Classification of counties based on alcohol sales in the US

In Kentucky, a moist county is a county whose regulations in force are between those of a "dry county" (in which the sale of alcoholic beverages is prohibited) and a "wet county" (in which alcohol is sold). The term is typically used for any county that allows alcohol to be sold in certain situations but has limitations on alcohol sales that a normal "wet" county would not have. Some historically "dry" counties are switching to this system to avoid losing money to businesses in other counties when they do not wish to become completely "wet". The term "moist" in itself does not have any specific meaning except that the county is neither completely "wet" nor completely "dry". A "dry" county that contains one or more "wet" cities is typically called "moist".

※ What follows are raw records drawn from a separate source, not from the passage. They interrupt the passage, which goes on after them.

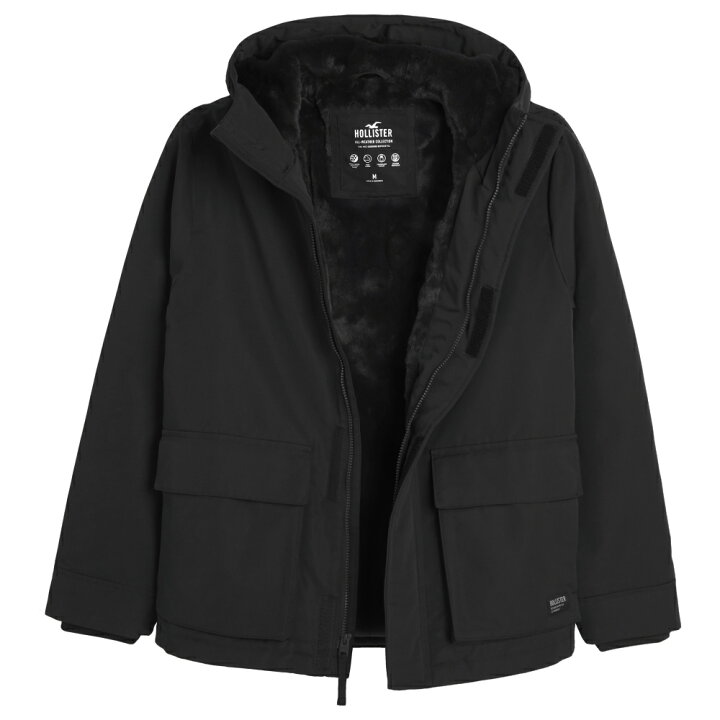 楽天市場】【並行輸入品】ホリスター メンズ 全天候型 ジャケット 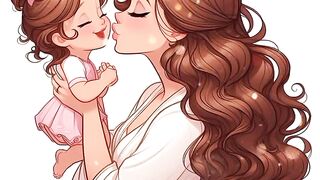 Mother's day love songs template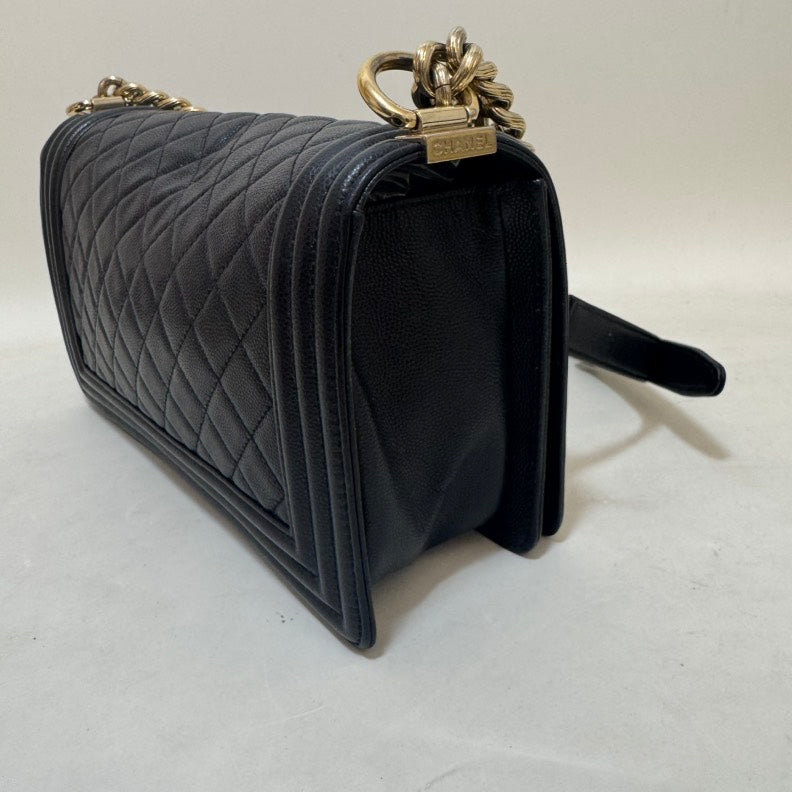 Chanel Boy Crossbody Bag - Tiana Bags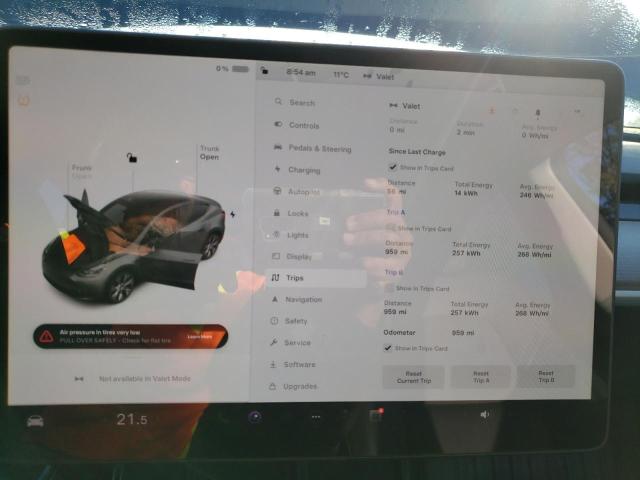 صورة رقم 9 من المزاد - 2023 TESLA MODEL Y مع VIN 7SAYGDEE6PA166125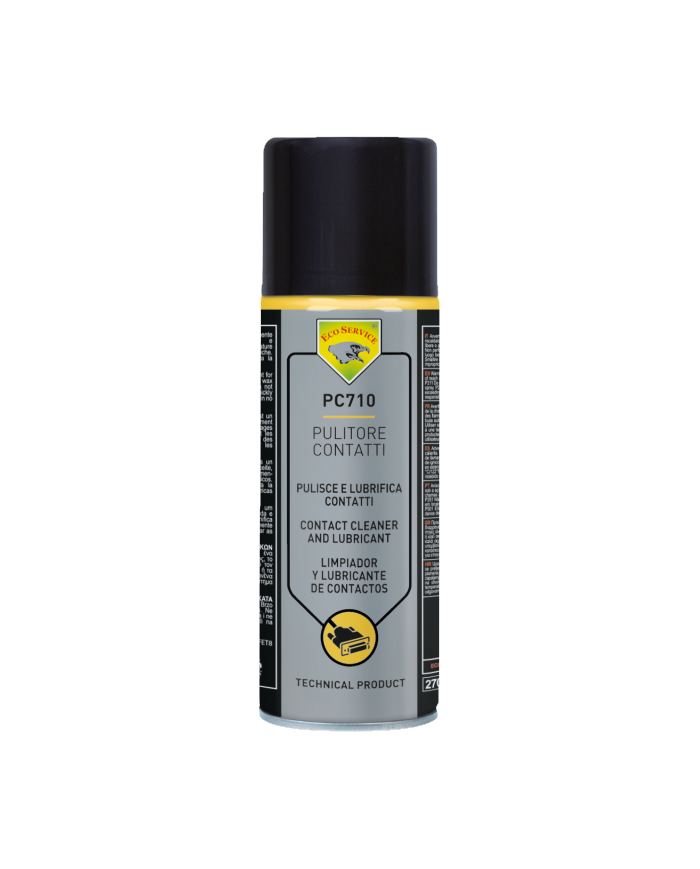 SPRAY PULITORE CONTATTI  PC710 ML.200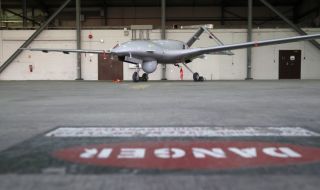 До две години Турция завършва завода за дронове в Украйна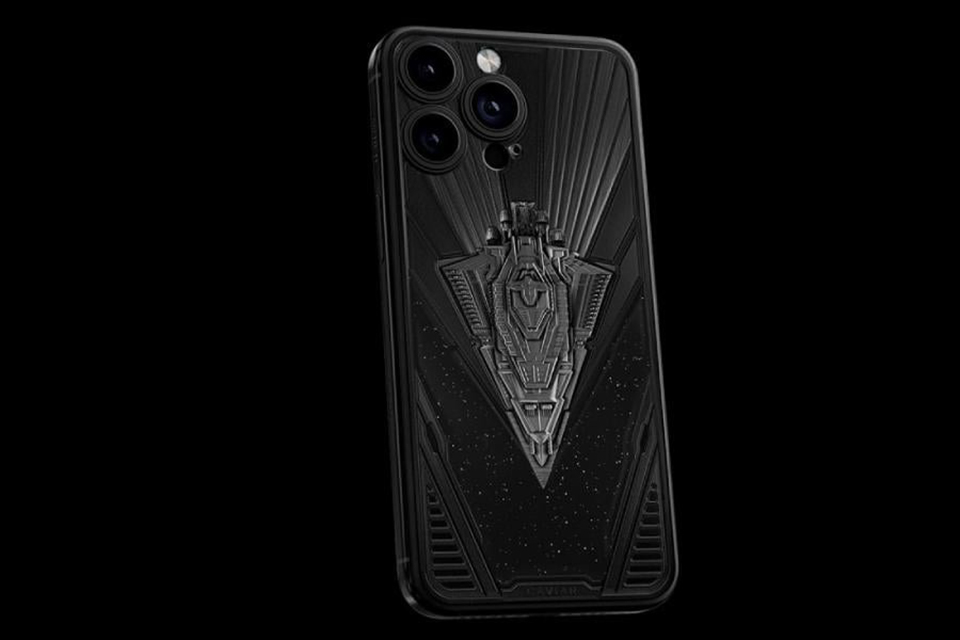 iPhone 15 Pro Starship
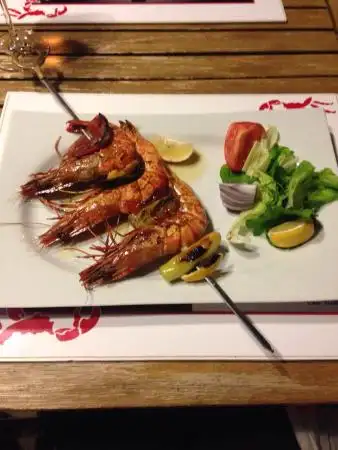 Yengeç Restaurant Cafe Beach'nin yemek ve ambiyans fotoğrafları 1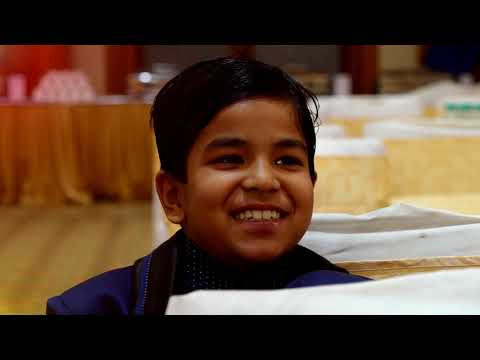 atishay birthday party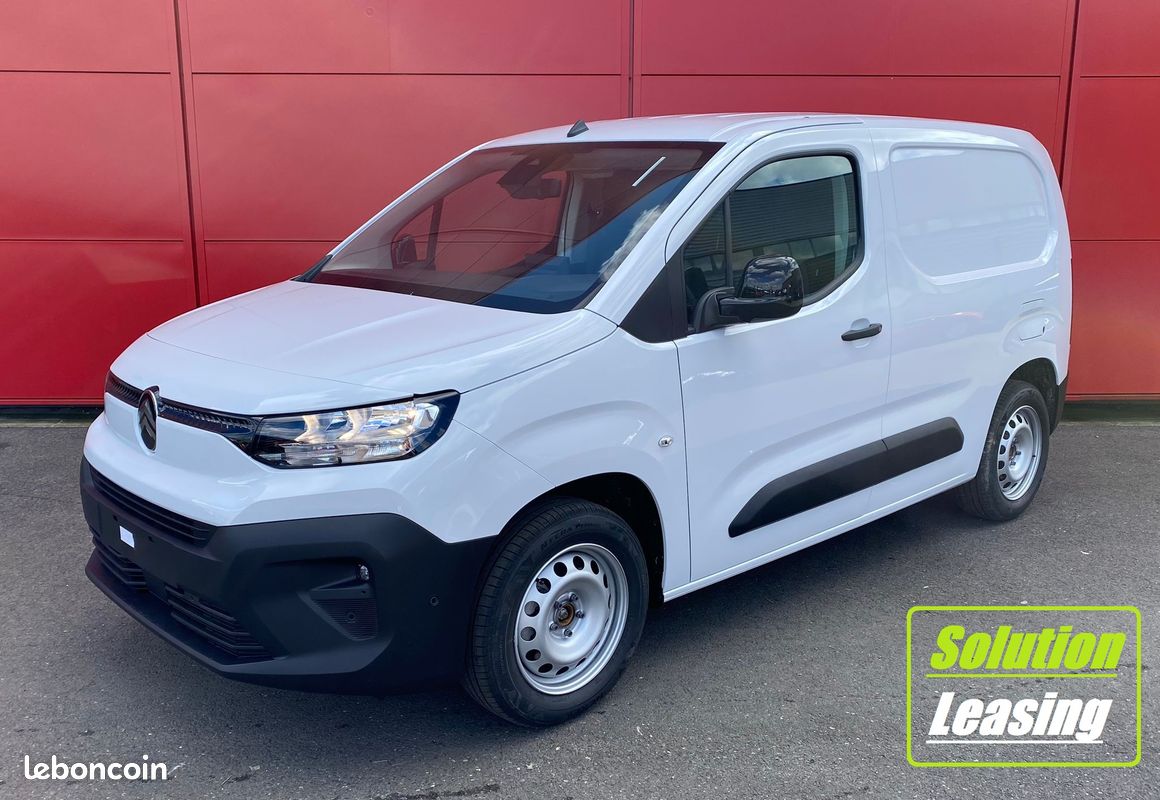 ✓ LOA369/m Nouveau Berlingo Van M HDi 130ch EAT8 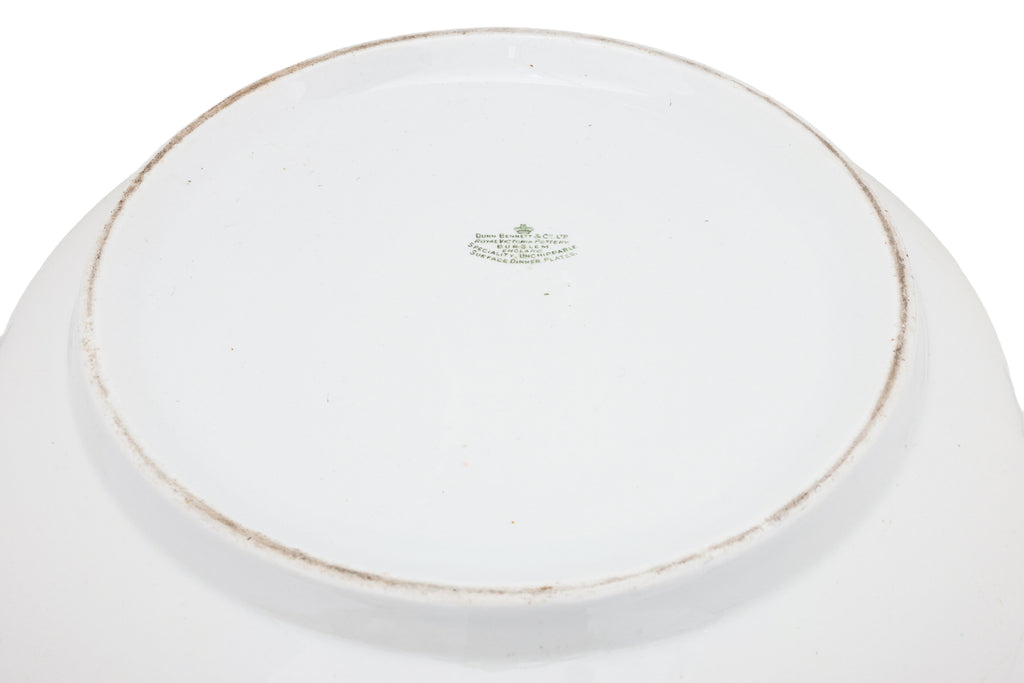 A EUROPE HOTEL SINGAPORE PORCELAIN BASIN
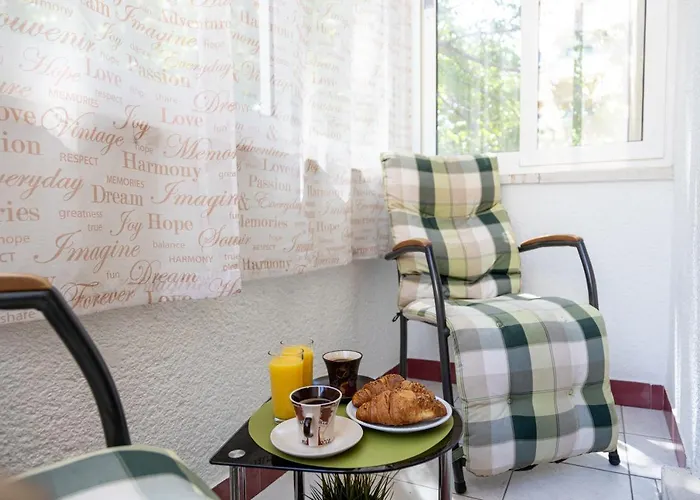 Apartamento Downtown Split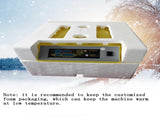 2 in1 96-Egg Incubator Chicken Duck Bird Auto-Turning Digital Control 40588660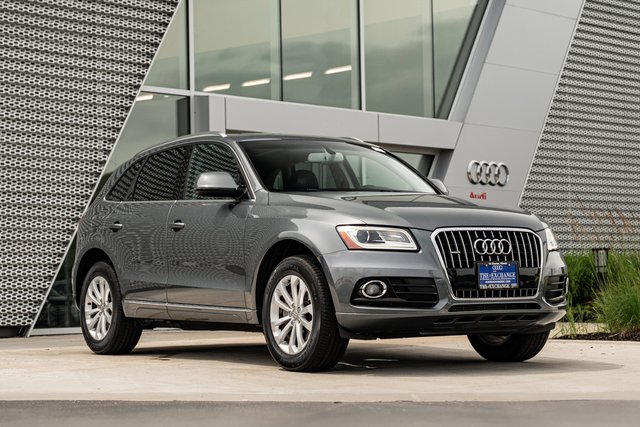 2016 Audi Q5 Premium Plus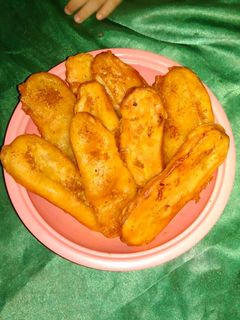 Foto resep 30. Pisang goreng mentega
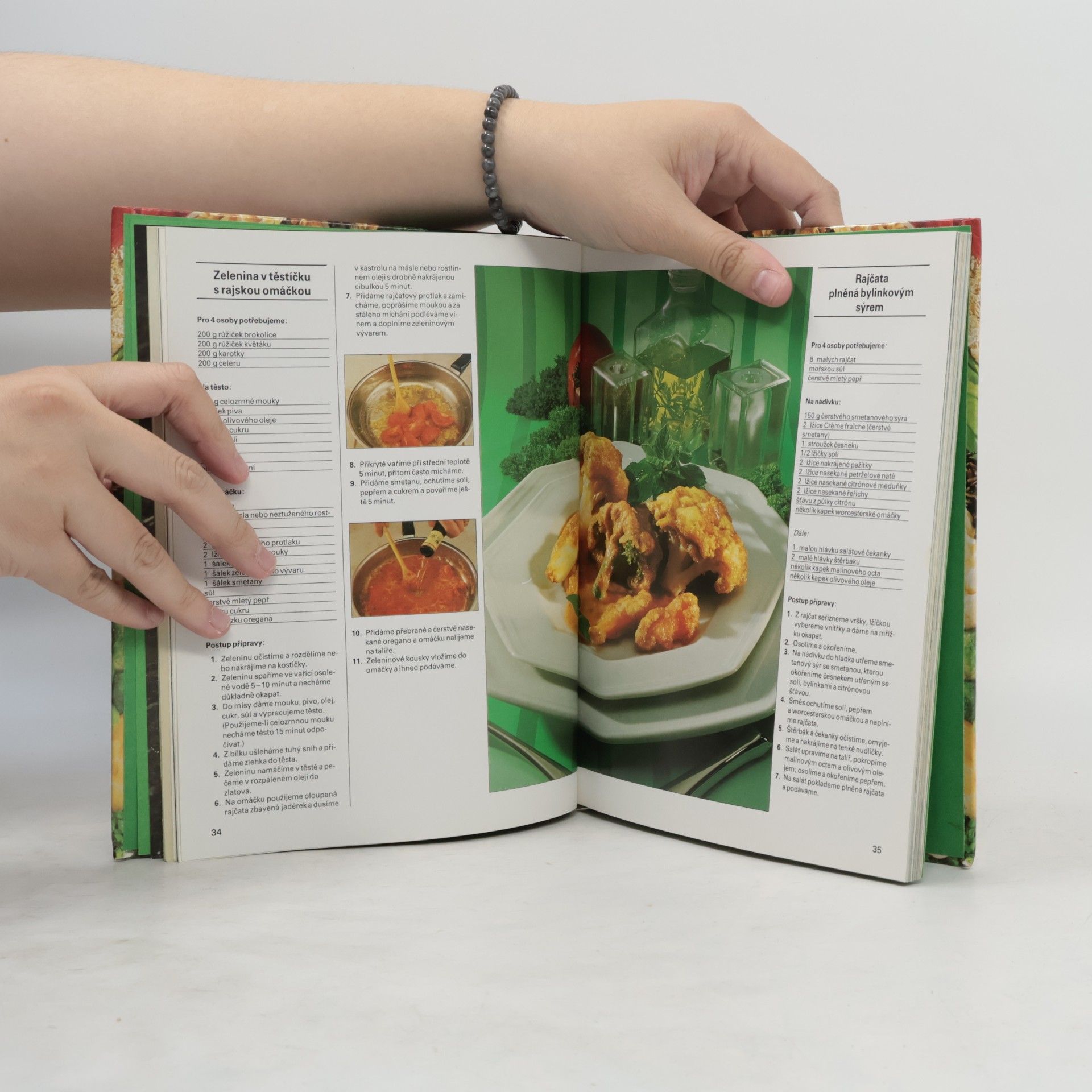 Fritz Faist Chutná vegetariánská kuchyně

The term can be used in two different senses:
- Two different statutes allow any dry territory, which can be a dry county or a city located in a dry county, to vote to authorize limited sales of alcoholic beverages by the drink in restaurants. Both statutes require such a restaurant to make at least 70% of its money from food, rather than alcohol, sales. One statute requires that the restaurant seat at least 100 patrons. The other, signed into law in June 2007, requires only 50 seats but prohibits licensed establishments from having a dedicated bar and requires the drinks to be sold in association with a meal. Once a jurisdiction votes for such sales, qualifying restaurants can apply for a permit, which are distributed on a somewhat-limited basis. For example, the Louisville suburban jurisdiction of Oldham County voted to allow such sales in the early 2000s (its county seat of La Grange later approved full package sales in 2012). However, Kentucky's Office of Alcoholic Beverage Control does not use the term "moist county" to describe a county in which such sales are allowed, but instead calls it a "limited" county.
- Officially, a "moist county" is an otherwise-dry county in which a city in the county's jurisdiction has voted to allow full retail sales of alcoholic beverages. The following Kentucky counties fall into that category:

| Dry county | Wet cities |
| Boyle | Danville |
Junction City
| Caldwell | Princeton |
| Calloway | Murray |
| Carter | Grayson |
Olive Hill
| Clay | Manchester |
| Estill | Irvine |
| Fleming | Flemingsburg |
| Garrard | Lancaster |
| Greenup | Bellefonte |
Flatwoods
Greenup
Raceland
Russell
South Shore
| Hardin | Elizabethtown |
Radcliff
Vine Grove
| Hart | Horse Cave |
| Henry | Eminence |
| Hopkins | Dawson Springs |
Earlington
Hanson
Madisonville
| Jessamine | Nicholasville |
| Johnson | Paintsville |
| Knox | Corbin |
| Laurel | London |
Corbin
| Lewis | Vanceburg |
| Logan | Russellville |
| Madison | Richmond |
| Martin | Warfield |
| Montgomery | Mount Sterling |
| Muhlenberg | Central City |
| Oldham | La Grange |
| Pendleton | Falmouth |
| Pike | Pikeville |
| Pulaski | Burnside |
Somerset
| Rowan | Morehead |
| Scott | Georgetown |
| Shelby | Shelbyville |
| Simpson | Franklin |
| Todd | Guthrie |
| Warren | Bowling Green |
| Washington | Springfield |
| Webster | Providence Sebree |
| Whitley | Corbin |
Williamsburg

Note that once a city votes itself fully wet, Kentucky state law mandates a 60-day period, starting on the date that the election results are certified, before vendors can apply for licenses to sell distilled spirits and wine. At the end of that period, the state will then advertise in that city's newspaper of record to announce the number of licenses that will be granted. However, beer licenses are not subject to quotas, and can be applied for once the city enacts a governing ordinance.